PG Phriday: Database and Schema Basics

Sure, managing a Postgres cluster is great. We’ve got the software installed, more tool wrappers than we can wave several sticks at, and a running cluster that’s ready to do our bidding. But what do we do with it? In fact, what is a Postgres cluster anyway? How are databases involved? What about schemas? There’s critically important nomenclature that new users may find somewhat non-intuitive, so let’s demystify things a bit.

First, I’ll go on record that I never really liked the “cluster” label when it comes to how it’s often used in relation to Postgres. When people in the tech industry think of a cluster, they probably imagine something like this. Yes, a cluster can simply mean a grouping of related things, but context is everything. This gets even more confusing in larger contexts where a “cluster” of Postgres servers is a legitimate architecture, for horizontal scalability or otherwise.
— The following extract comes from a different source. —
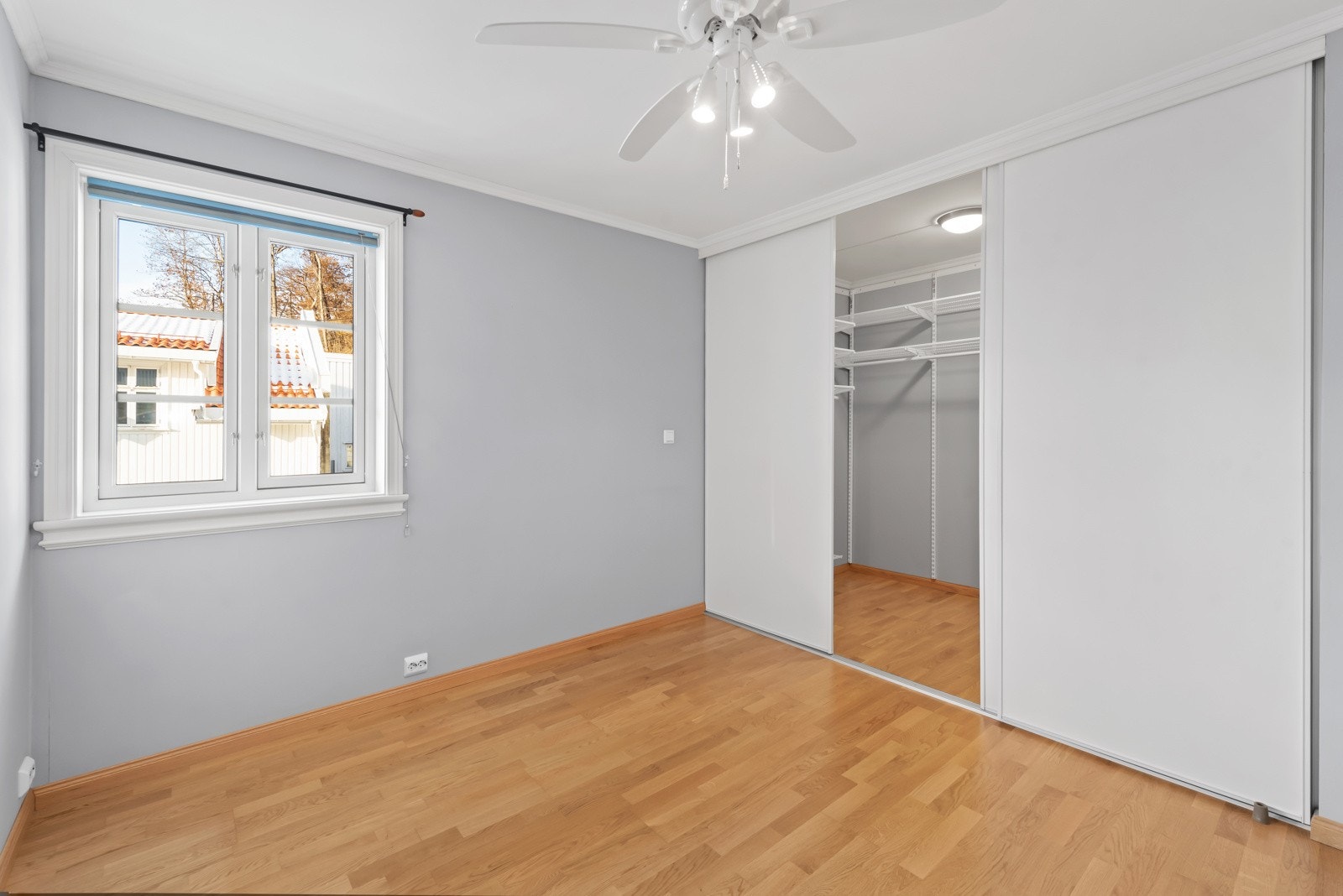 Skyvedører inn til walk-in garderoben Galleribilde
So let’s back away for a second and consider the components themselves. Starting with the Postgres software, we have something similar to how programmers think of objects: instances. Classes are unusable until they’re instantiated as an object (barring virtual classes, interfaces, and other special cases.) In this way, the Postgres software is just there, doing nothing, until there’s an instance that’s created and running. Whether we use initdb, pg_createcluster, or some other wrapper to do this, no Postgres databases can exist anywhere without an instance to hold them.

The primary job of an instance is to merely exist; by itself, a Postgres instance is not usable. Postgres instances are assigned a port number for traffic control purposes, so it’s entirely possible to run multiple simultaneous instances on the same server. But otherwise, you can’t create tables in one, and they certainly are not a database.

This should not blow anyone’s mind, but there is an implicit lie here. Every new Postgres instance gets created along with with a database named “postgres”. Because of this, it’s very common for new users to consider an instance the database itself. After all, they can connect to “postgres” and create tables, issue queries, and so on. When using tools like pg_createcluster, an easy mistake to make, is that each application needs its own Postgres “cluster”. Even the Postgres initdb tool is a giant misnomer (or perhaps more of an anachronism); it creates a new instance which can contain databases.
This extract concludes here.